Information supplied.

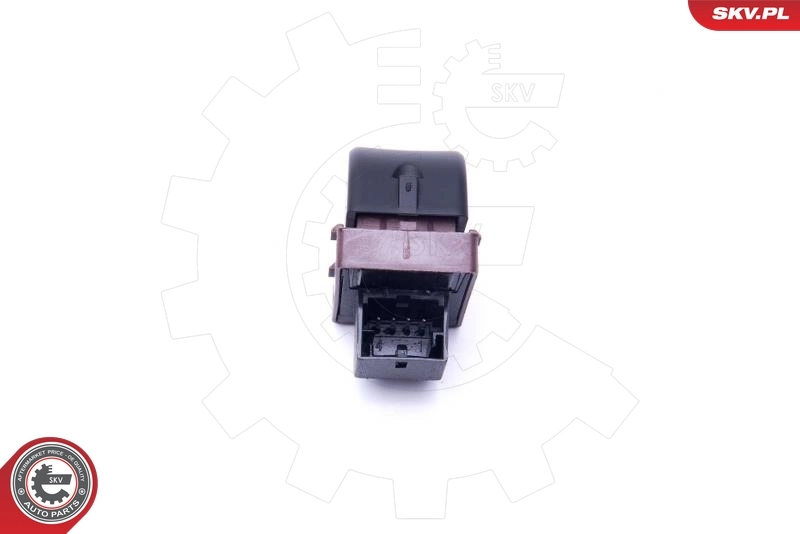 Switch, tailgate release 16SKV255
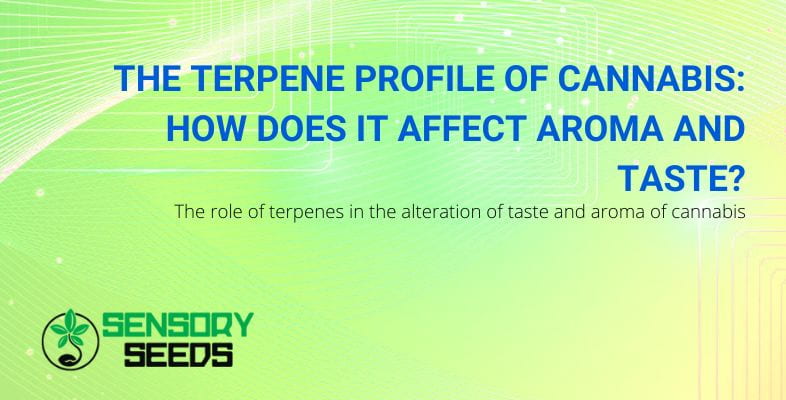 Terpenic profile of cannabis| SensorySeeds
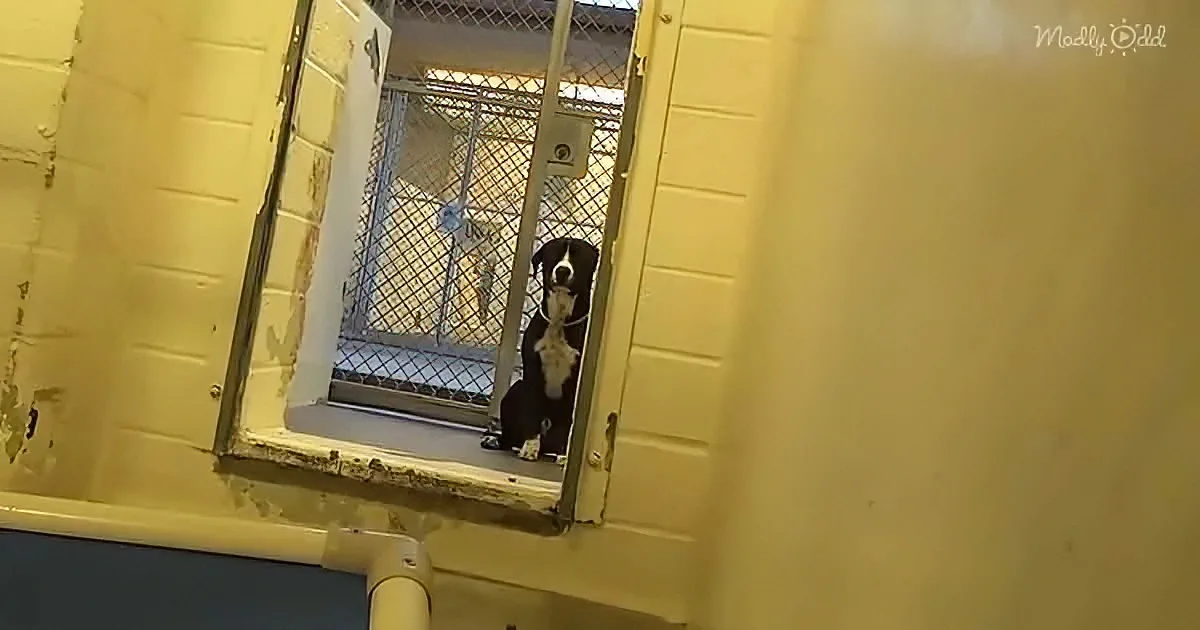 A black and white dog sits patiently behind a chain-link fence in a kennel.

Aim of the task. Once more, give the listing above exactly, leaving each picture out.

Reply.
 Switch, tailgate release 16SKV255
 Terpenic profile of cannabis| SensorySeeds
 A black and white dog sits patiently behind a chain-link fence in a kennel.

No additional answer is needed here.